En fait, aucune avancée médicale majeure ne peut être assurément imputée à l’expérimentation animale. L’exemple du vaccin contre la polio, notamment, est assez révélateur : il aura fallu quarante années d’expérimentation animale pour finalement aboutir à un traitement. Mais, lorsque le vaccin a été découvert, les chercheurs utilisaient également une méthode in vitro, sans animaux. Il n’est donc pas possible d’affirmer avec certitude que cette avancée est liée à l’expérimentation animale. D’ailleurs de nombreux scientifiques et associations, notamment Antidote Europe, remettent en question le modèle animal, chaque espèce réagissant différemment à une même molécule.

En 2022, les établissements français ont officiellement utilisé 1 578 364 souris et rats.
Janet Stephens / CC0

Pourtant, malgré les obligations légales, le défaut de soutien public aux approches alternatives persiste. Si la technologie permet aujourd’hui de reconstituer des organes en 3D, des logiciels ultraperformants de simuler la réaction à la douleur ou simplement un mécanisme respiratoire, ces alternatives ne sont pas enseignées aux chercheurs et ne sont pas intégrées dans le narratif qui accompagne la recherche et l’éducation.

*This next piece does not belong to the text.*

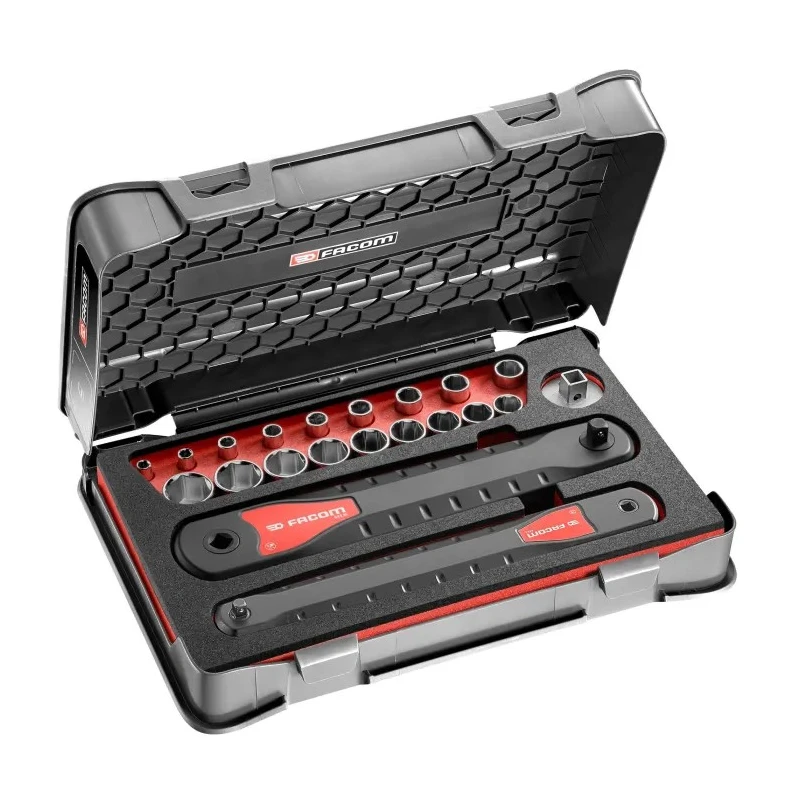Facom 21-Piece 3/8 in 6 Point Extension & Socket Set AXS.SMJ1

Elles manquent également cruellement de financement. Alors que des millions d’euros sont facilement trouvés chaque année pour financer l’expérimentation animale (collectes de fonds telles que le Téléthon…), le Centre français des 3R, qui travaille sur des « projets de remplacement », a obtenu moins de 800 000 euros en 2023. « Une somme bien timide au regard des 81 % de Français favorables au développement de méthodes alternatives aux expériences infligées à des animaux », soulignait l’association One Voice en 2023.

Et ce, alors que la recherche sans animaux est aussi efficace, voire bien plus, que les tests sur animaux. En refusant de financer ces alternatives éthiques, l’État se place en complice d’une barbarie à contre-temps. Tandis que la communauté scientifique s’accorde sur les capacités des animaux de laboratoire à ressentir la douleur et les émotions (voir la récente Déclaration de New York), nous devons tout faire pour encourager la révolution du secteur de la recherche qui s’impose à l’humanité. Et le droit, pour les étudiants et chercheurs, à l’objection à l’expérimentation animale peut l’accélérer.